Kami masuk tol. Jalanan mulus, tapi kepala saya berdenyut. Saya memeluk tas di perut untuk menghangatkan, mencoba tidur pendek-pendek sambil menahan pusing. Sekitar dua jam kemudian, kami keluar di tol Mojokerto dan berhenti di rest area. Niat saya hanya buang air kecil, tapi begitu melangkah ke toilet, isi perut langsung naik. Belum sempat menutup pintu, isi perut sudah keluar semua. Rasanya sedikit lega, tapi pusingnya tetap menempel. Karena dari pagi belum sarapan, yang keluar hanya asam lambung dan air liur—pahit dan perih.
Kami lanjut jalan. Di mobil, saya berusaha tidur lagi, memeluk tas lebih erat begitu AC terasa makin dingin. Sebelum ke kantor dinas, kami sempat mampir ke sebuah kafe untuk minum dan makan agar saya sedikit kuat. Begitu tiba, saya langsung ke toilet—dan muntah lagi. Setelah itu, tubuh terasa “kosong”, tapi kepala masih berat.
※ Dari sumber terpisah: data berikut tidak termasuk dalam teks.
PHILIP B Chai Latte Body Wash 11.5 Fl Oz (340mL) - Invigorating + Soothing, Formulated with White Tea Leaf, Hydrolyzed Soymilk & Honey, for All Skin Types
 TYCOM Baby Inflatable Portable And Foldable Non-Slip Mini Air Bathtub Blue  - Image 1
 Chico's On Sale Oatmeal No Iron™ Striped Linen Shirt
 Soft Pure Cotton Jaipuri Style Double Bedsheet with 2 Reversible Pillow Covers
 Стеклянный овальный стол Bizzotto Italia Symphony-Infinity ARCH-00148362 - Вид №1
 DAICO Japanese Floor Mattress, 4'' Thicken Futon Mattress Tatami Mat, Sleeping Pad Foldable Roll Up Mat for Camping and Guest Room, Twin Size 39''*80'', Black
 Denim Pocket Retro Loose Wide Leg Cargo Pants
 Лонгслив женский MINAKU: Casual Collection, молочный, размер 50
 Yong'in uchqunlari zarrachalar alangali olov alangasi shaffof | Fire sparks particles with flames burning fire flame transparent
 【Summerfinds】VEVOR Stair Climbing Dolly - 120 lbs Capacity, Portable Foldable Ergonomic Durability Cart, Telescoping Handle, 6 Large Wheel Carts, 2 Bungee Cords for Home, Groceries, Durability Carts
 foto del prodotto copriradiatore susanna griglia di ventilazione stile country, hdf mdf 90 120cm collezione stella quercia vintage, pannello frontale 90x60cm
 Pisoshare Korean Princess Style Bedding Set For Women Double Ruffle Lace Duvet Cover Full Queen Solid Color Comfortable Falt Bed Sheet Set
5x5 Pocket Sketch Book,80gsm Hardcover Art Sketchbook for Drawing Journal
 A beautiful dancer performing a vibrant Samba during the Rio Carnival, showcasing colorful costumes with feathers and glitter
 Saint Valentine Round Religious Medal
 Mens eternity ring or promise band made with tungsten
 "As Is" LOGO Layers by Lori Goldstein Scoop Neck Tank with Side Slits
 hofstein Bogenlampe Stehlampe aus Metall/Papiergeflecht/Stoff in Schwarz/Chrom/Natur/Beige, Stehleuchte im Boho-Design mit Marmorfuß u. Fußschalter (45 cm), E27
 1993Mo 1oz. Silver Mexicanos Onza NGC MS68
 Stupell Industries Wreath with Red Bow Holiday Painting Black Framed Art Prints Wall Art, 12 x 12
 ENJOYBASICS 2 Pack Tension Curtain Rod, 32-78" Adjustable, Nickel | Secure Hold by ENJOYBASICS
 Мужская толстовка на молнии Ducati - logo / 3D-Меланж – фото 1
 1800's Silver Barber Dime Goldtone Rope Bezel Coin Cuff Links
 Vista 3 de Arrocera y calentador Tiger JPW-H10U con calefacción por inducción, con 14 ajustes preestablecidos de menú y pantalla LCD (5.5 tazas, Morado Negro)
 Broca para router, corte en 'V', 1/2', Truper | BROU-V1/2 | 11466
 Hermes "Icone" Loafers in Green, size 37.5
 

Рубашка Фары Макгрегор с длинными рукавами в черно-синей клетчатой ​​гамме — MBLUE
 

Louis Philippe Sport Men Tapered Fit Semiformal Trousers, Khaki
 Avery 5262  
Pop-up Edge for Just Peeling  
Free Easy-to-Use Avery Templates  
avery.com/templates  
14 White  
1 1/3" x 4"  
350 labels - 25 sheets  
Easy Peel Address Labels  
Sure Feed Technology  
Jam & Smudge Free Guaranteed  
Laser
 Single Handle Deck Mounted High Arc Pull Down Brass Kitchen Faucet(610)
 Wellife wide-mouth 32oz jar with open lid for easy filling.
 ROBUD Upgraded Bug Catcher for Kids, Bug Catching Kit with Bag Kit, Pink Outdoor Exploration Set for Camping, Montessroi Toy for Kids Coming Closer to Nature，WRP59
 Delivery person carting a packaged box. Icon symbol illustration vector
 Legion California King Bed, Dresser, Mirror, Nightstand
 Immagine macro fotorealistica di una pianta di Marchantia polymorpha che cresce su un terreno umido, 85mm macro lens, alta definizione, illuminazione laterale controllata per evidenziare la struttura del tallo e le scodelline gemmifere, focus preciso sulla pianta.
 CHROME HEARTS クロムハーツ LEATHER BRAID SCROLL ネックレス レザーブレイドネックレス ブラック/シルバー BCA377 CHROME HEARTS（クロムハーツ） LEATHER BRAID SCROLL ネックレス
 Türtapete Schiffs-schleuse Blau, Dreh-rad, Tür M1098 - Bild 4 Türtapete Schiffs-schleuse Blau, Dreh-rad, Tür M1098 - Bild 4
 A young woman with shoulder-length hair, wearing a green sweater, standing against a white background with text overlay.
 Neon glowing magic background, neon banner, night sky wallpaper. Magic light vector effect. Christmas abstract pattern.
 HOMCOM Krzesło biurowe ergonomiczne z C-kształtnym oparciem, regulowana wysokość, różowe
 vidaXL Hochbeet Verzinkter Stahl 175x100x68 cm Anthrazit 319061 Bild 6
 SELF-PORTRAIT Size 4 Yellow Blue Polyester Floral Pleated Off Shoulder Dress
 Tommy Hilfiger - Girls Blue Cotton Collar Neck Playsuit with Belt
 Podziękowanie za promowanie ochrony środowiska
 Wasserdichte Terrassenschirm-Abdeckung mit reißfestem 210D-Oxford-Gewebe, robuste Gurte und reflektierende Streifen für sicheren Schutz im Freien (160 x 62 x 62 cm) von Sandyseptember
Kami duduk sebentar, minum hangat, coba menenangkan diri, lalu berangkat ke kantor dinas.
Pemaparan yang “ngang ngeng ngong” dan ruang tanya jawab yang memojokkan
Di kantor dinas, saya memaksa tersenyum dan terlihat “sehat”, walaupun tidak jadi pembicara utama. Tim leader memaparkan PPT dengan gaya bicara yang sangat cepat dan tidak jelas. Slide ditayangkan hanya beberapa detik, lalu pindah. Orang dinas, yang tidak ikut proses pengerjaan, jelas tidak bisa menangkap maksudnya. Saya mendengarnya sambil menahan emosi: rasanya ingin meminta beliau memperlambat, memperjelas alur, dan menunjuk langsung bagian yang relevan di gambar.
Masuk sesi tanya jawab, jantung saya dag-dig-dug. Orang dinas meminta penjelasan satu per satu dan spesifik: bagaimana perhitungan hidrolika di segmen 1, bagaimana gambar cross section dan penempatan saluran, lalu segmen 2, segmen 3, dan seterusnya. Mereka minta ditunjukkan aplikasi hasil ke gambar, bukan hanya angka di tabel. Masalahnya, gambar dan data yang kami bawa belum rapi, dan tim yang mempresentasikan tidak ikut mengerjakan detailnya. Bos dan tim leader pun kebingungan menjelaskan. Saya sebenarnya paling tahu prosesnya, tapi saya disitu hanya staf ada rasa sungkan untuk ikut menjawab. Ketika bos bertanya pelan ke saya, saya mencoba menjawab, namun jawaban saya tidak disampaikan ke hadirin. Rasanya seperti dibilang “kamu tahu apa”.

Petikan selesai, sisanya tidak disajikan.